*** Opening of INPUT FOR THIS TASK ***

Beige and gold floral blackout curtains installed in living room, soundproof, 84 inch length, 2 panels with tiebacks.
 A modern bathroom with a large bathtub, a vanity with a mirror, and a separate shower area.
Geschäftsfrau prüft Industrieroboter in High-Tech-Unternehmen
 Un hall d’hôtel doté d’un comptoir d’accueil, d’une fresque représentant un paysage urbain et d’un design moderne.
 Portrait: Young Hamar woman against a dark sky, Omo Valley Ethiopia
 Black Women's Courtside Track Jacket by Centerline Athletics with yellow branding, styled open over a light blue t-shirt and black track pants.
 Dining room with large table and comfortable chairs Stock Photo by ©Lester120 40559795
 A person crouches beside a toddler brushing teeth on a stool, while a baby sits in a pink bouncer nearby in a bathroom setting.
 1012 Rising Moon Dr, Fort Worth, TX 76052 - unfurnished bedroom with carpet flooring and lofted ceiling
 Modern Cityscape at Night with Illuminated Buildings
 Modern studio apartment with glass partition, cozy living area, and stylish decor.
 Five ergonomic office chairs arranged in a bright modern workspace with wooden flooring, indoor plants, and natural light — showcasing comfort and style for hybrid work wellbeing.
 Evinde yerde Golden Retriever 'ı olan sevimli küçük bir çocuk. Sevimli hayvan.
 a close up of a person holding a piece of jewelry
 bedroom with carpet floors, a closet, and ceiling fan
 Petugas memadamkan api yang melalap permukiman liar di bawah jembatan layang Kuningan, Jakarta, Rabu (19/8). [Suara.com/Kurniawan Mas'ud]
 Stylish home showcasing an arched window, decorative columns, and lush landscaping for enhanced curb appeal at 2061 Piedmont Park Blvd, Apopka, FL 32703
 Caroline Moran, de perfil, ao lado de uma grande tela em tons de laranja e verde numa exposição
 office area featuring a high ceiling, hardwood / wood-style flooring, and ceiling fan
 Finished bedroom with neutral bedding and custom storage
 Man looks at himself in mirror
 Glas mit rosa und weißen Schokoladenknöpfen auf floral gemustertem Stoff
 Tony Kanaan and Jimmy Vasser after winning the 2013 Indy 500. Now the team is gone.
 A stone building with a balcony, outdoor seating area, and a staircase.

*** Close of INPUT FOR THIS TASK ***

§ PROBLEM TO WORK ON: Transcribe each line of the data above, unaltered, from the one where "Modern Cityscape at" appears to the one where "Petugas memadamkan api" appears, inclusive of both.

§ RESULT:
 Modern Cityscape at Night with Illuminated Buildings
 Modern studio apartment with glass partition, cozy living area, and stylish decor.
 Five ergonomic office chairs arranged in a bright modern workspace with wooden flooring, indoor plants, and natural light — showcasing comfort and style for hybrid work wellbeing.
 Evinde yerde Golden Retriever 'ı olan sevimli küçük bir çocuk. Sevimli hayvan.
 a close up of a person holding a piece of jewelry
 bedroom with carpet floors, a closet, and ceiling fan
 Petugas memadamkan api yang melalap permukiman liar di bawah jembatan layang Kuningan, Jakarta, Rabu (19/8). [Suara.com/Kurniawan Mas'ud]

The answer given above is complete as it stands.